Asymmetry in Assigning Blame/credit for Side-effects

The Side-Effect Effect:

Knobe presented passers-by in a Manhattan park with the following scenario. The 

CEO of a company is sitting in his office when his Vice President of R&D comes in and says, ‘We are thinking of starting a new programme. It will help us increase profits, but it will also harm the environment.’ The CEO responds that he doesn’t care about harming the environment and just wants to make as much profit as possible. The programme is carried out, profits are made and the environment is harmed.

Did the CEO intentionally harm the environment? The vast majority of people Knobe quizzed – 82 per cent – said he did. But what if the scenario is changed such that the word ‘harm’ is replaced with ‘help’? In this case the CEO doesn’t care about helping the environment, and still just wants to make a profit – and his actions result in both outcomes. Now faced with the question ‘Did the CEO intentionally help the environment?’, just 23 per cent of Knobe’s participants said ‘yes’ (Knobe, 2003a).
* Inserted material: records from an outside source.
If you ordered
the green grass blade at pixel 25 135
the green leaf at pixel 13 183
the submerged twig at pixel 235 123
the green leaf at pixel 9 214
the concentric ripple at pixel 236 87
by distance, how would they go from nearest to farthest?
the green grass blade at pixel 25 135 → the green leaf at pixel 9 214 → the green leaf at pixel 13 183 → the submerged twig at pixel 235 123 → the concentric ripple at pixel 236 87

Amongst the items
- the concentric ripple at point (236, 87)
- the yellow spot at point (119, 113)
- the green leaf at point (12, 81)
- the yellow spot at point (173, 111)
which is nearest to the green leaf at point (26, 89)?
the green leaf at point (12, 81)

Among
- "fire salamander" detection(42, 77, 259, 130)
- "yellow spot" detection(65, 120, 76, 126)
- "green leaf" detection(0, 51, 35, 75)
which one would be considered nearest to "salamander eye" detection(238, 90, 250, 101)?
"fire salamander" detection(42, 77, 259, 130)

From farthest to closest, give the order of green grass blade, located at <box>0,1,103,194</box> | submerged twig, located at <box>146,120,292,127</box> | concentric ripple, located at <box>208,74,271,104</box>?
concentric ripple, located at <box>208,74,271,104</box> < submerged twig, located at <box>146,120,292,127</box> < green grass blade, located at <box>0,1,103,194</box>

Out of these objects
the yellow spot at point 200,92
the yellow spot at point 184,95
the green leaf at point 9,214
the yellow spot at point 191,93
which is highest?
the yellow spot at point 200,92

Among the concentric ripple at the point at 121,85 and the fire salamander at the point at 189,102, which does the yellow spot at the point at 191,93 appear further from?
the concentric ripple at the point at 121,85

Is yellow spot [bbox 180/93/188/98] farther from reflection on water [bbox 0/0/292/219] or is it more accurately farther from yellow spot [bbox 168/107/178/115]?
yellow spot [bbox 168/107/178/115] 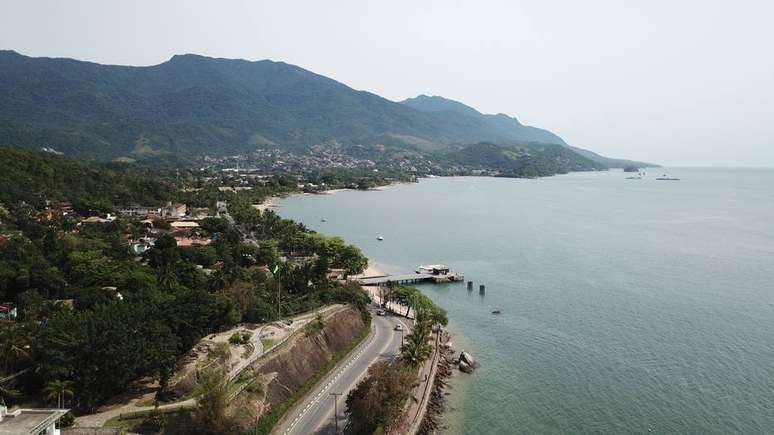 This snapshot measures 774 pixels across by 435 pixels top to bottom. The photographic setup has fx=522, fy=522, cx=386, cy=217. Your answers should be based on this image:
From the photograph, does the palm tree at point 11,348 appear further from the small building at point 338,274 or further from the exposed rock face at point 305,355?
the small building at point 338,274

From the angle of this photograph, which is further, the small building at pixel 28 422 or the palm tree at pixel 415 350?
the palm tree at pixel 415 350

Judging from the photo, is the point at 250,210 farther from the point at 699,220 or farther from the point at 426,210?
the point at 699,220

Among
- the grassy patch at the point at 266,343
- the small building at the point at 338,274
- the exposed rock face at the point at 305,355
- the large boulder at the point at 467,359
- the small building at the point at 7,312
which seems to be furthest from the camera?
the small building at the point at 338,274

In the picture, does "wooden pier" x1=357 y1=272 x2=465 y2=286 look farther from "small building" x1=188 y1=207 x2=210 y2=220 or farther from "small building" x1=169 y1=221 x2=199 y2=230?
→ "small building" x1=188 y1=207 x2=210 y2=220

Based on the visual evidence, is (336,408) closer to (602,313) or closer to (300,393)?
(300,393)

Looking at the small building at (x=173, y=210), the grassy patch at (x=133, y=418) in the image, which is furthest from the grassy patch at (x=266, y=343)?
the small building at (x=173, y=210) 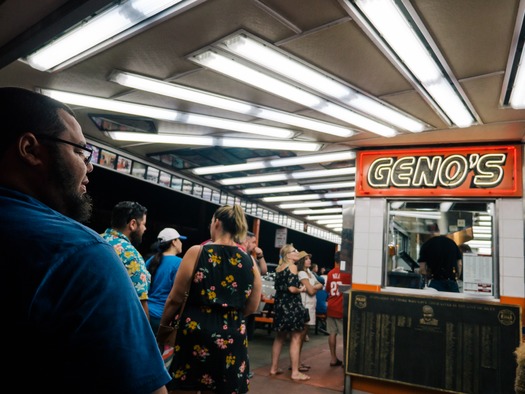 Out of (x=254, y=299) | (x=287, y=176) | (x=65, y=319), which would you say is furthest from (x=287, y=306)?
(x=65, y=319)

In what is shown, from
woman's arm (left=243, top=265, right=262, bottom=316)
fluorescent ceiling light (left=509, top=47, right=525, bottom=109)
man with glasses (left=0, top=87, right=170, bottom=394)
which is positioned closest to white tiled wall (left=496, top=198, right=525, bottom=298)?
fluorescent ceiling light (left=509, top=47, right=525, bottom=109)

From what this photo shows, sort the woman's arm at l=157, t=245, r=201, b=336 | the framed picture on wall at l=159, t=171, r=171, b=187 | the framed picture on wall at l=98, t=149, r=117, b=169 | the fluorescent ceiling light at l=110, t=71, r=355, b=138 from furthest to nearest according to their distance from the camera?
1. the framed picture on wall at l=159, t=171, r=171, b=187
2. the framed picture on wall at l=98, t=149, r=117, b=169
3. the fluorescent ceiling light at l=110, t=71, r=355, b=138
4. the woman's arm at l=157, t=245, r=201, b=336

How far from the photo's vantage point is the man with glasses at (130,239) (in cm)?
277

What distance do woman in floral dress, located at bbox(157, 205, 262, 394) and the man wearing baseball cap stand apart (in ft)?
3.21

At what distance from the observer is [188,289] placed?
8.24 ft

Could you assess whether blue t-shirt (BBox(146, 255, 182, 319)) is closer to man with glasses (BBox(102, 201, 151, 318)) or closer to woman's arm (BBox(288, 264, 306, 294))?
man with glasses (BBox(102, 201, 151, 318))

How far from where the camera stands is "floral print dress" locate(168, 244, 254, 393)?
241 centimetres

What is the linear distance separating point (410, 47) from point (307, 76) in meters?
0.86

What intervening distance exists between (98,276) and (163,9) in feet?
7.64

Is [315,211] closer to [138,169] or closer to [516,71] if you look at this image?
[138,169]

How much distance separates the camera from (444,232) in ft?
20.1

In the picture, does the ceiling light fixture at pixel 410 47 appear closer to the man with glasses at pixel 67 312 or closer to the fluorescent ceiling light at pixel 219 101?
the fluorescent ceiling light at pixel 219 101

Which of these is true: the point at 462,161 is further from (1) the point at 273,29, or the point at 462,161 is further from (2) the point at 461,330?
(1) the point at 273,29

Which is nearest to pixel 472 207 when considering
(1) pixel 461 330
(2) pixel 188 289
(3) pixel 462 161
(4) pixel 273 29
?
(3) pixel 462 161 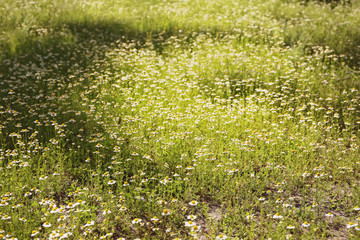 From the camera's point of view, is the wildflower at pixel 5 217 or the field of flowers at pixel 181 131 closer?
the wildflower at pixel 5 217

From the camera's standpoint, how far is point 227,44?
883 centimetres

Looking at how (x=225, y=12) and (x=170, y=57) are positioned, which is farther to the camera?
(x=225, y=12)

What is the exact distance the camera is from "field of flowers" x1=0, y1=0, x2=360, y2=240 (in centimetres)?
373

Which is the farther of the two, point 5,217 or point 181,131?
point 181,131

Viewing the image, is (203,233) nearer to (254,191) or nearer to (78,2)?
(254,191)

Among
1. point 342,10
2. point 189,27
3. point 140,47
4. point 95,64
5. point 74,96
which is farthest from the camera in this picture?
point 342,10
This asymmetry in responses between the ‘harm’ and ‘help’ scenarios, now known as the Knobe effect, provides a direct challenge to the idea of a one-way flow of judgments from the factual or non-moral domain to the moral sphere. ‘These data show that the process is actually much more complex,’ argues Knobe. Instead, the moral character of an action’s consequences also seems to influence how non-moral aspects of the action – in this case, whether someone did something intentionally or not – are judged.[8]

This bit of apparent stupidity is probably more than just an aversion to (publicly) assign credit to people (because it will incline us toward rewarding the person we credit), or a prejudice against CEOs.